On notera que le législateur impose ici la périodicité du remboursement de l’emprunt, mensuel ou trimestriel, sans possibilité, a priori, pour l’assemblée générale d’opter pour un échéancier différent. À défaut de précision, l’assemblée générale statuera à la majorité de l’article 24 sur cette question. Par ailleurs, les frais et honoraires générés par le montage et la gestion du prêt concernent la rémunération du syndic pour l’ensemble de l’opération. Dans la mesure où il lui est possible de solliciter une rémunération complémentaire pour les diligences accomplies dans le cadre de l’actuel emprunt collectif à souscription individuelle, il est logique qu’il en aille de même pour ce nouvel emprunt.

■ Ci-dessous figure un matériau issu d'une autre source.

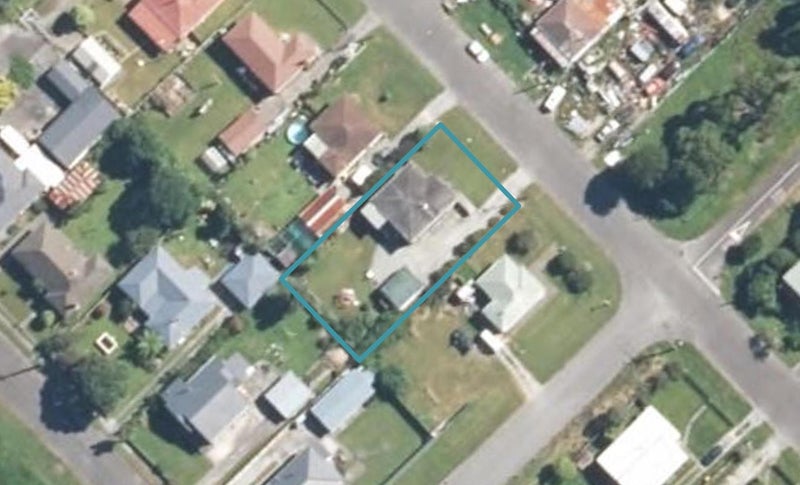 18 Peel Street, Cobden, Greymouth - Carousel 1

Cela suppose donc une modification du contrat type et de l’annexe 2 du décret du 17 mars 1967 fixant la liste limitative des prestations exceptionnelles du syndic, sans quoi, aucun complément de rémunération ne pourra être réclamé. La charge de la contribution au remboursement de l’emprunt collectif incombe au propriétaire du lot et est transférée aux propriétaires successifs en cas de mutation, que cette dernière se fasse à titre gracieux (donation) ou onéreux (vente). Le propriétaire du lot peut toutefois verser par anticipation au syndicat des copropriétaires les sommes dont il reste redevable au titre du remboursement de l’emprunt. Elles y sont alors affectées sans délai par le syndic4.

Le cas des copropriétaires ne participant pas à l’emprunt

Le copropriétaire ayant refusé de participer à l’emprunt collectif devra s’acquitter des sommes dues au titre du « remboursement du capital et des intérêts et au paiement des frais et des honoraires ». On notera que les frais liés à la caution ne sont pas visés. En revanche, il est surprenant que le copropriétaire qui ne participe pas à l’emprunt soit tenu au paiement des frais et honoraires de gestion. Peut-être les pouvoirs publics ont-ils estimé que le fait de s’acquitter des charges par un autre moyen que la participation à l’emprunt entraînait un travail supplémentaire pour le syndic, une façon donc de le faire participer à la dépense commune.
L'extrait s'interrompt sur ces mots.